No quiero que piensen que estoy en contra de estas cosas. Las acepto como elemento complementario en el esfuerzo evangelístico, pero lo que quiero afianzar es que en el culto a Dios lo que cuenta es la sencillez en la adoración, y no el profesionalismo y la tecnología como medio de manipulación. Hemos hecho una “asamblea de títeres” a través del que dirige, y anulamos la libre expresión del pueblo:
–Levanta la mano, di esto, di lo otro, dile al que esta al lado estoy contento, aplaude, grita, salta, danza etc.
No parecemos ovejas que siguen a un pastor para comer pastos verdes, sino a un puñado de borregos manipulados dentro de un establo.

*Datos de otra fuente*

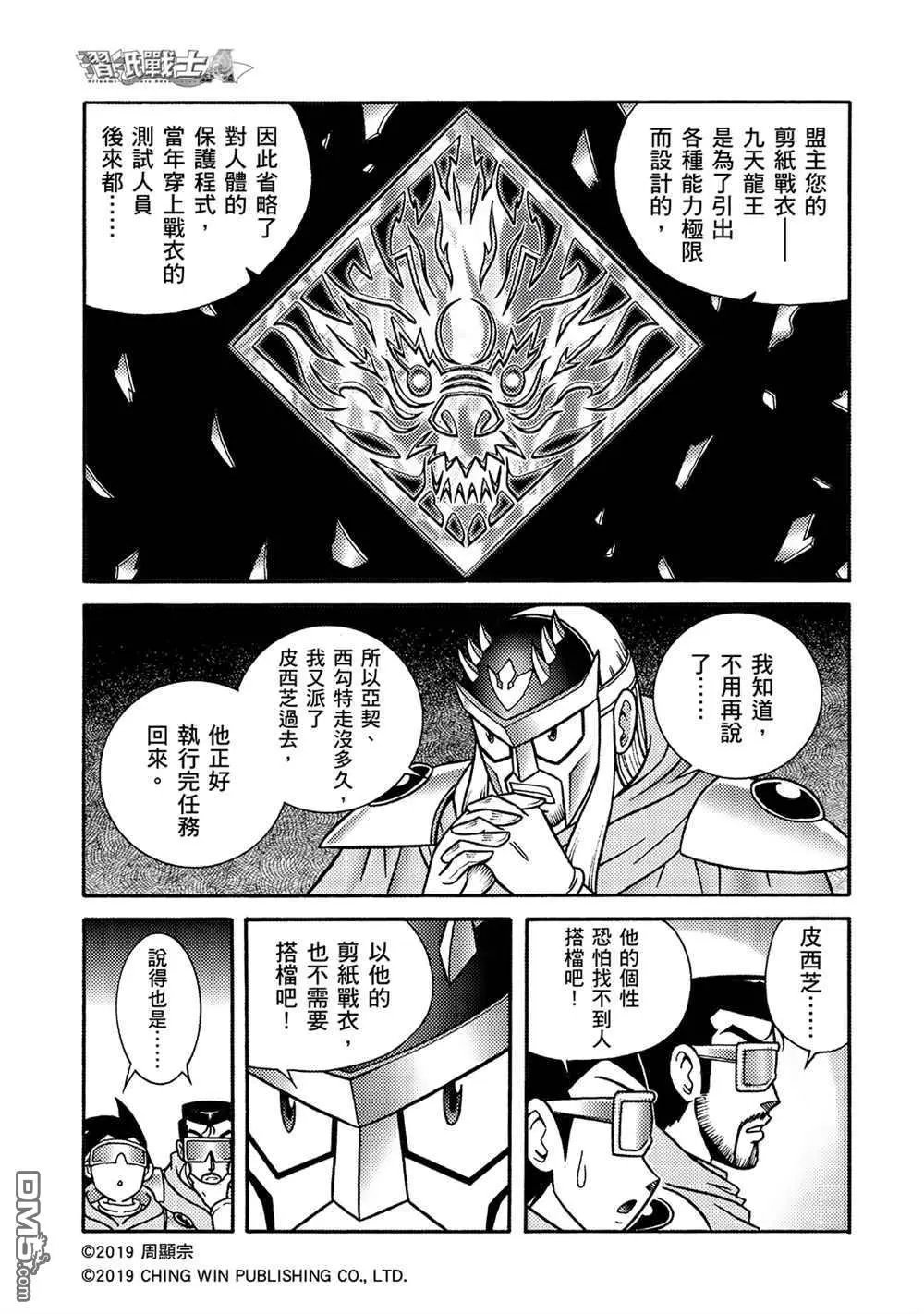 第5回 影子杀手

¿Qué hemos ganado con estos métodos? Ser igual a un teatro, atraer más a los que tales cosas les gusta. Edificar una iglesia que funciona más por atractivos humanos, que por convicción espiritual. ¿Qué hemos perdido? La espontaneidad del pueblo, la libertad de expresión, la sencillez en el orar, cantar, hablar, compartir, recibir profecías, la posibilidad de que el Espíritu hable, la capacitación del desarrollo propio para una adoración plena y personal, etc. La anulación en la participación del pueblo al culto queda limitado a una élite selecta de músicos, cantantes y ministros que lo hacen todo, y esto es el error más grave que se está cometiendo en nuestras estructuras eclesiales. Lo terrible es que mezclamos los ritmos mundanos, con el cual la gente rinde culto a la carne, moviendo el esqueleto, para traer delante del altar de Dios un fuego extraño como fórmula de adoración. Además, “a Dios le desagradan todos los actos de adoración que sean simples formulismos, sin relación alguna con la vida moral”.

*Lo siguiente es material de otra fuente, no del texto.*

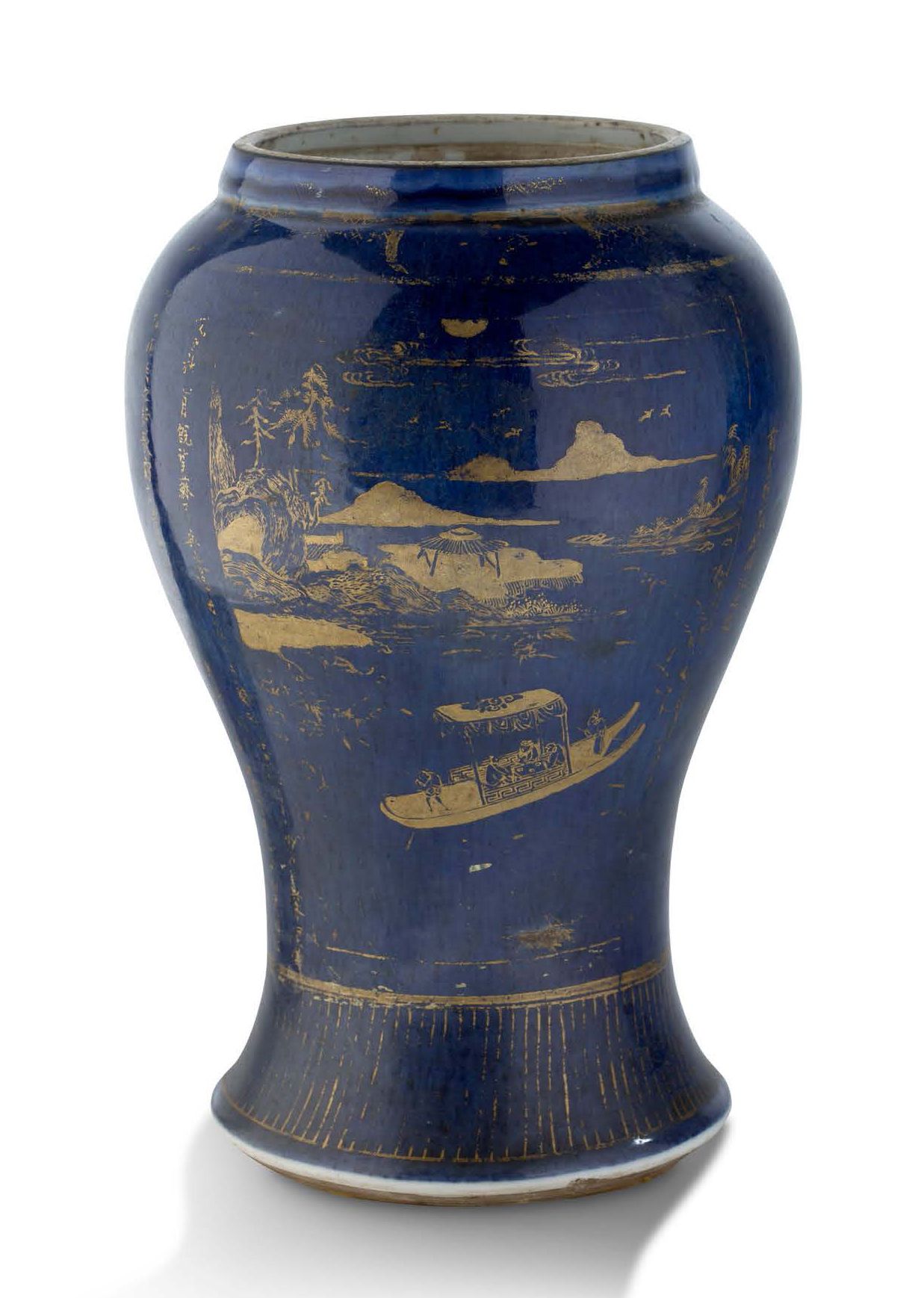 CHINE DYNASTIE QING, PÉRIODE KANGXI (1661 - 1722) Vase in powder blue monochrome&hellip;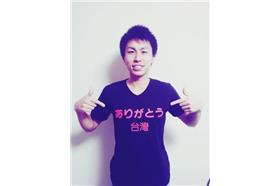 擷取自萩原駿介粉絲團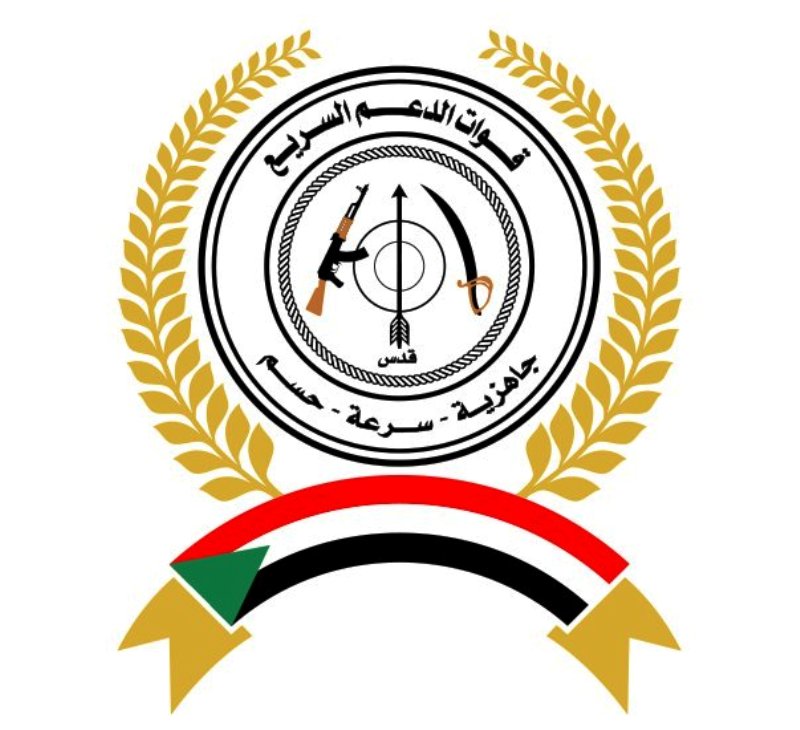 اتهم التحالف الديمقراطي للمحامين قوات الدعم السريع بقتل 45 شخصاً من بينهم أطفال بمناطق متفرقة من وحدة نعيمة الإدارية في شمال ولاية النيل الأبيض.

Considero que estamos llegando a un punto de desvirtuación cristiana en el culto, que temo que lleguemos a hacer del mismo una réplica de los esquemas existentes en las discotecas o centro de espectáculos del mundo. David Wilkerson escribe al respecto “Hoy día el diablo no tiene necesidad de seducir, arengar ni escribir cartas a personas así. ¡Es porque ya domina a esa parte de la iglesia! En efecto, ha colocado en los púlpitos a sus propios “ángeles de luz”. Les ha entregado una religión tibia, mezclada: una dosis suficiente de tradición, combinada con una gran cantidad de maldad”. Las influencias de las nuevas corrientes musicales tales como el rock, rap, salsa, rumba etc. han convertido el culto en una réplica del estilo mundano, ignorando aquel texto que dice:
“No améis al mundo, ni las cosas que están en el mundo. Si alguno ama al mundo, el amor del Padre no esta en él” 1 Juan 2:15
Y David Wilkerson lamenta que hayan “Pastores y evangelistas que se sienten héroes, que gastan millones de dólares en sueños egoístas o en empresas para su ego, han dejado a millones de ovejas golpeadas, confundidas y hundidas” llevándoles a una falsa adoración con elementos extraños dentro de su contenido.
Volvamos a la sencillez del culto. Retornemos a una evangelización genuina, y no hagamos de ella un espectáculo en torno a un individuo. Practiquemos una adoración de calidad, pero con sinceridad y sin manipulación. No confundamos cantar con adorar. La adoración es un todo, el cantar una parte.